In Francis, however, we find
the papacy going beyond
“ecumenism”
— even beyond religion itself.
In his present and deeply defective encyclical, “Laudato si”
we find the present Pope, Francis, issuing encyclicals
on the environment and economics!
Let us be frank: none
of these issues falls within the scope of Francis’s (quite limited)
competency or divinely invested power, nor are we able to reconcile
them with the Petrine Office which has been entrusted to him. When Christ
said to Saint Peter,
“Feed
my sheep.”
(Saint John 21.17) we do not believe that He had in mind “the tragic
effects of environmental degradation on the lives of the
world’s poorest” (Laudato si,13)
or “the intimate relationship
between the poor and the fragility of the planet”

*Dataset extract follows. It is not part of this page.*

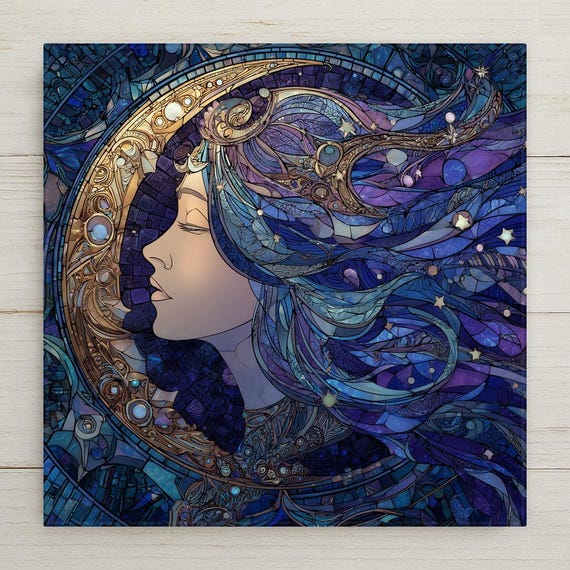 Moon Goddess Ceramic Tile Wall Art – Stained Glass Style Celestial Home Decor, Fantasy Artwork, Gift for Moon Lovers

(16). Yes, as Saint James is clear (St. James 2.16), we have a very
real individual responsibility for providing for those in need. This
matter is not in question in the least, nor has it ever been.
But it is imperative to understand
that Christ also recognized a greater and more pressing need still:
“ Amen,
amen I say to you, you seek me, not because you have seen miracles,
but because you did eat of the loaves, and were filled. Labor
not for the meat which perisheth, but for that which endureth
unto life everlasting, which the Son of man will give you.” (Saint John 6.26-28).
It was in this regard
that Christ told Saint Peter to
“Feed
My sheep.”
It was a spiritual command … not an
economic mandate.
If the Pope pontificates
on economics we must ask ourselves, can an economist pontificate
on Canon Law?
“Of
course not”, you say, “The province
of expertise embodied in an economist does not qualify him as a theologian.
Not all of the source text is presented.